• WHAT YOU WILL DO: Would you restate each entry word for word, omitting the pictures?
*** DATA LISTING Section Begins ***
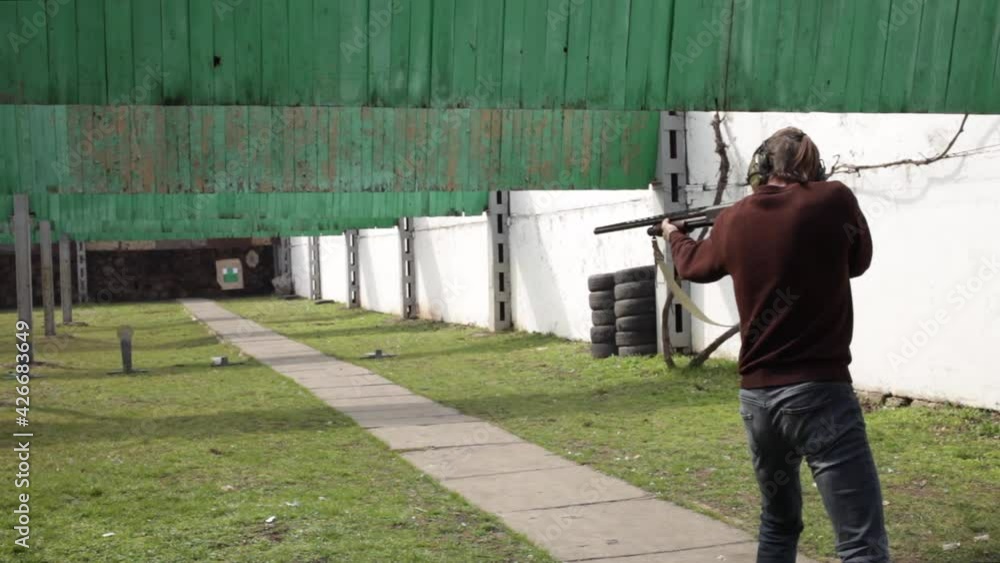 A young man shoots a pump-action firearm at flags, targets. A man in protective glasses and headphones in a dash. A green field with bullet protection outdoor. Sports shooting, weapons hobby. shotgun A young man shoots a pump-action firearm at flags, targets. A man in protective glasses and headphones in a dash. A green field with bullet protection outdoor. Sports shooting, weapons hobby. shotgun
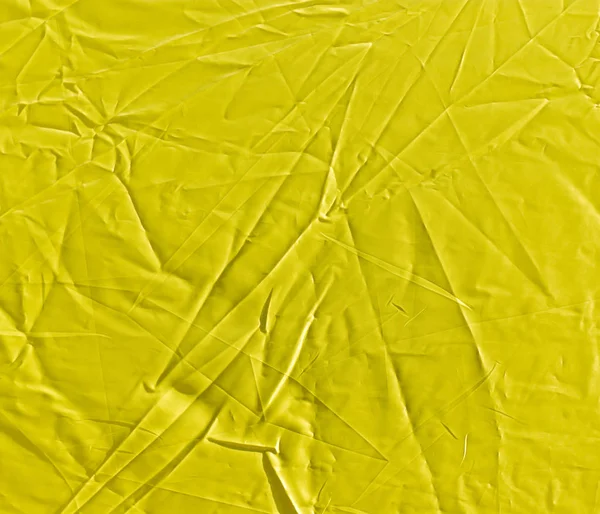 Arrugado paño amarillo como fondo —  Fotos de Stock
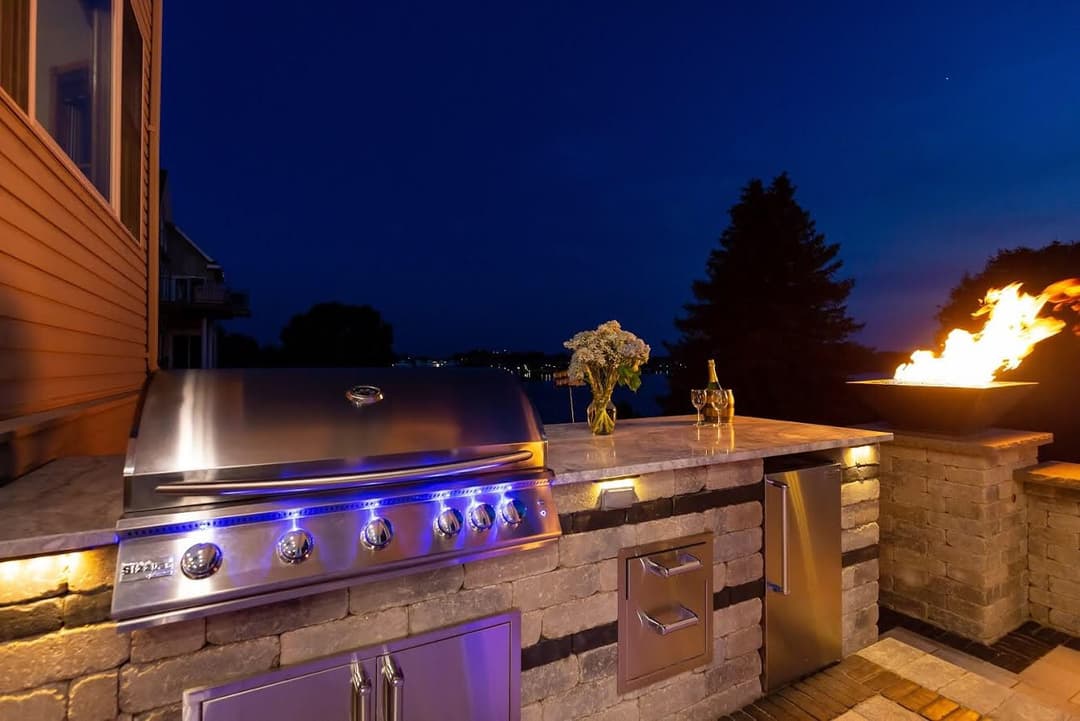 Modern outdoor kitchen with a stainless steel grill, stone countertop, and fire pit at night.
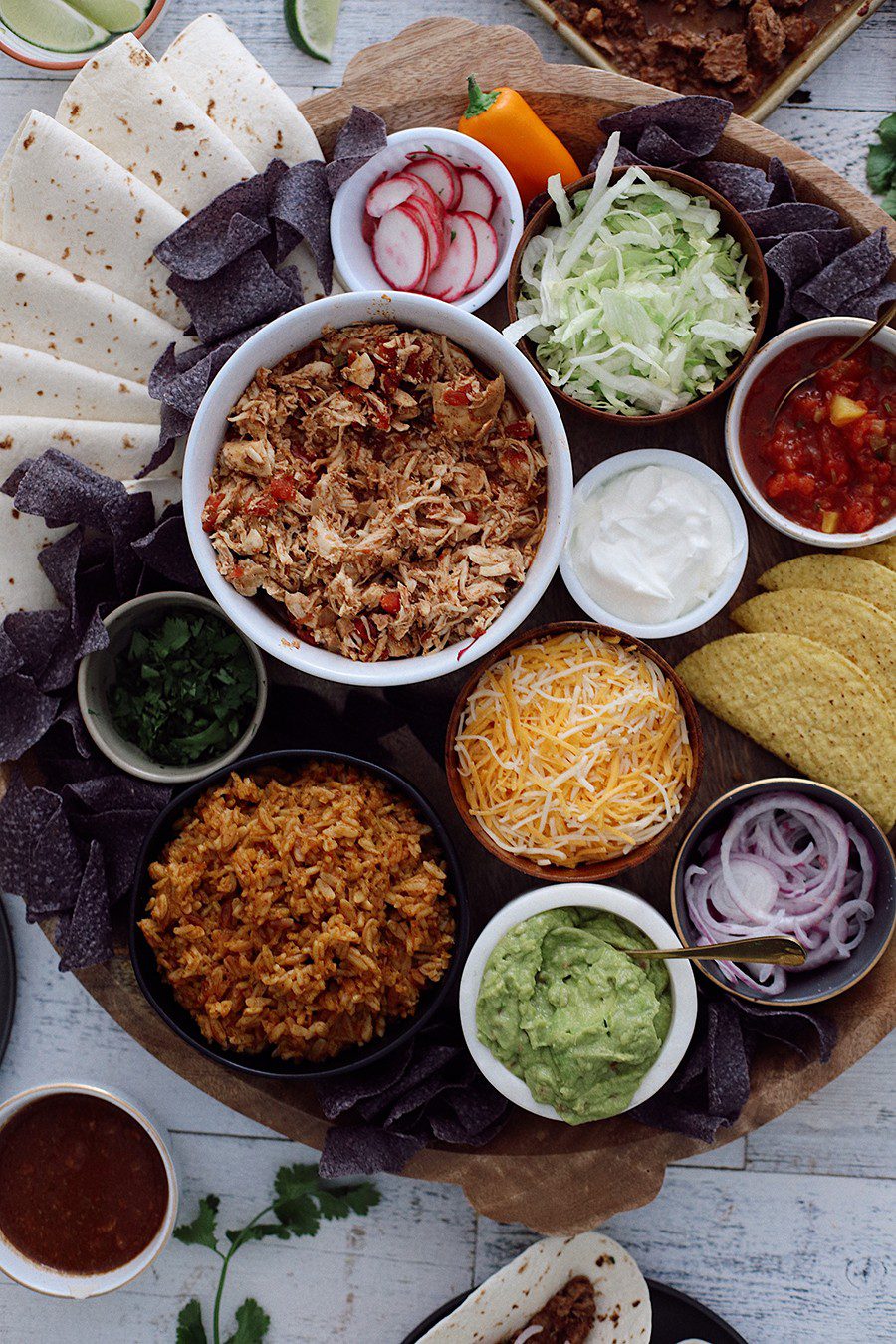 How to make an epic taco board and taco party platter tips! Plus, the best slow cooker taco chicken recipe! | Chicken Tacos by popular Florida lifestyle blog, Fresh Mommy Blog: image of a Chicken Tacos platter. 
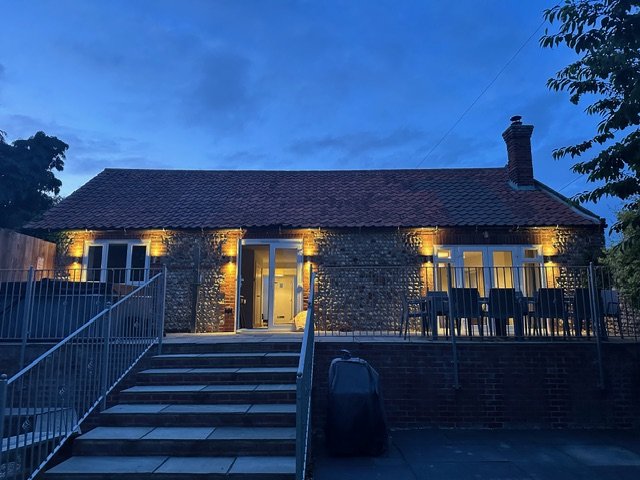 Enjoy some alfresco dining with the whole family on this beautiful garden terrace, a staircase leading up to the door to the kitchen, and a patio with a dining table and chairs.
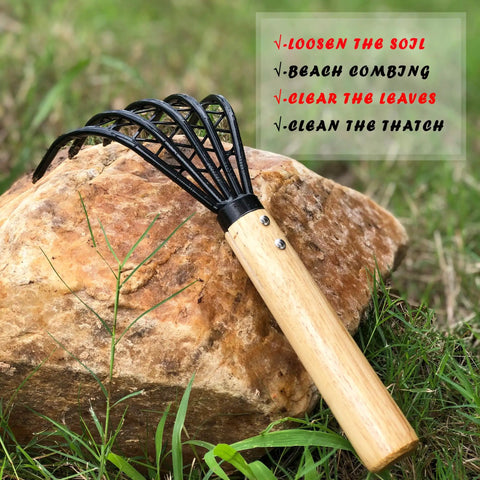 Five Claw Garden Rake Dethatching Tool For Loosening Soil Weeding Leaf Removal Beach Treasure Digging And Shell Cleanup next to a rock.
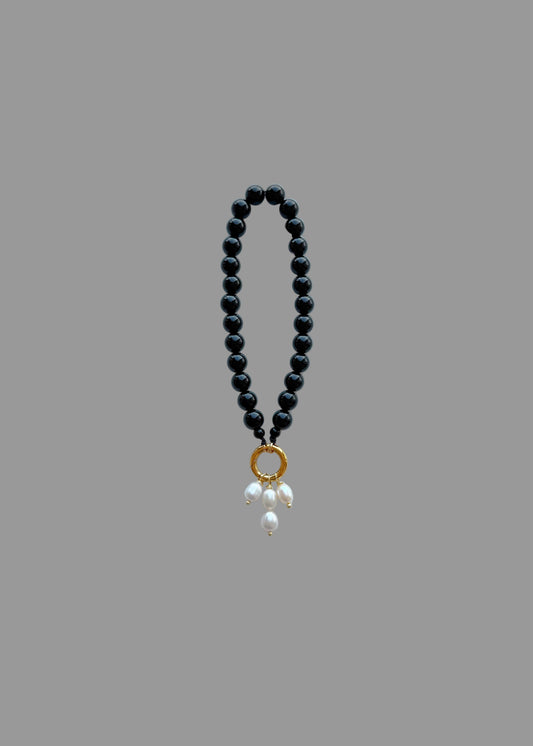 Black bag charm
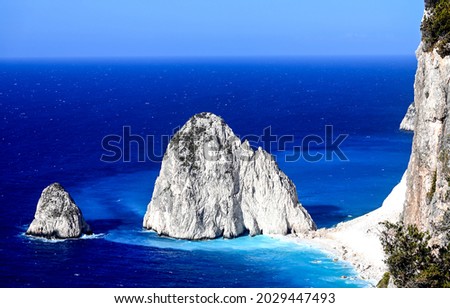 Coastal rock on the seashore. Rock island in blue sea. Sea rock. Beautiful coastal landscape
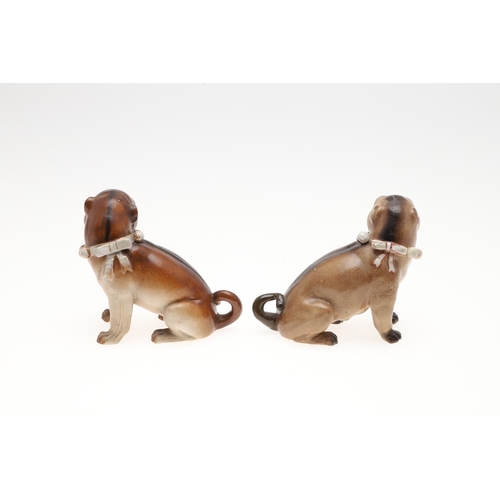 843 - PORCELAIN MODELS OF PUG DOGS. Including a Meissen style porcelain model of a seated Pug (17.5cms hig... 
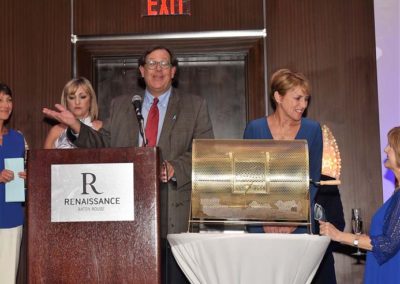 A man in glasses speaks at a podium marked "renaissance" during a raffle event, with four people around him looking at a draw box.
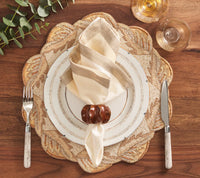 Elegant table setting featuring a white plate, beige napkin with the Kim Seybert Twist Napkin Ring Set of 4 in Brown & Gold, silver fork and knife, clear wine glasses, leafy placemat, and green eucalyptus on a wooden table.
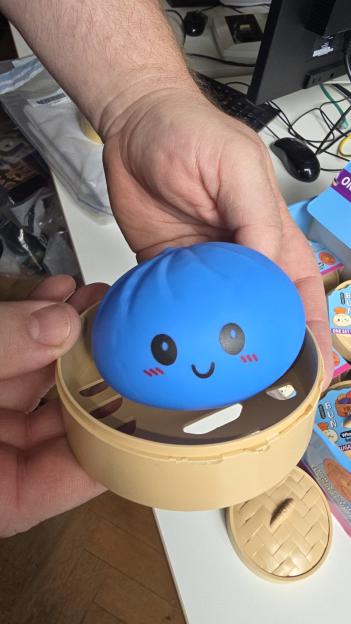 A person holding a blue squishy dumpling toy with a happy face in a plastic steamer basket.
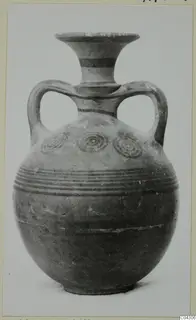 Round-bodied jug with flaring neck, two loop handles, dark painted bands and concentric circles, photographed against a plain background.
*** DATA LISTING Section Ends ***
• REPLY:
 A young man shoots a pump-action firearm at flags, targets. A man in protective glasses and headphones in a dash. A green field with bullet protection outdoor. Sports shooting, weapons hobby. shotgun A young man shoots a pump-action firearm at flags, targets. A man in protective glasses and headphones in a dash. A green field with bullet protection outdoor. Sports shooting, weapons hobby. shotgun
 Arrugado paño amarillo como fondo —  Fotos de Stock
 Modern outdoor kitchen with a stainless steel grill, stone countertop, and fire pit at night.
 How to make an epic taco board and taco party platter tips! Plus, the best slow cooker taco chicken recipe! | Chicken Tacos by popular Florida lifestyle blog, Fresh Mommy Blog: image of a Chicken Tacos platter. 
 Enjoy some alfresco dining with the whole family on this beautiful garden terrace, a staircase leading up to the door to the kitchen, and a patio with a dining table and chairs.
 Five Claw Garden Rake Dethatching Tool For Loosening Soil Weeding Leaf Removal Beach Treasure Digging And Shell Cleanup next to a rock.
 Black bag charm
 Coastal rock on the seashore. Rock island in blue sea. Sea rock. Beautiful coastal landscape
 843 - PORCELAIN MODELS OF PUG DOGS. Including a Meissen style porcelain model of a seated Pug (17.5cms hig... 
 A man in glasses speaks at a podium marked "renaissance" during a raffle event, with four people around him looking at a draw box.
 Elegant table setting featuring a white plate, beige napkin with the Kim Seybert Twist Napkin Ring Set of 4 in Brown & Gold, silver fork and knife, clear wine glasses, leafy placemat, and green eucalyptus on a wooden table.
 A person holding a blue squishy dumpling toy with a happy face in a plastic steamer basket.
 Round-bodied jug with flaring neck, two loop handles, dark painted bands and concentric circles, photographed against a plain background.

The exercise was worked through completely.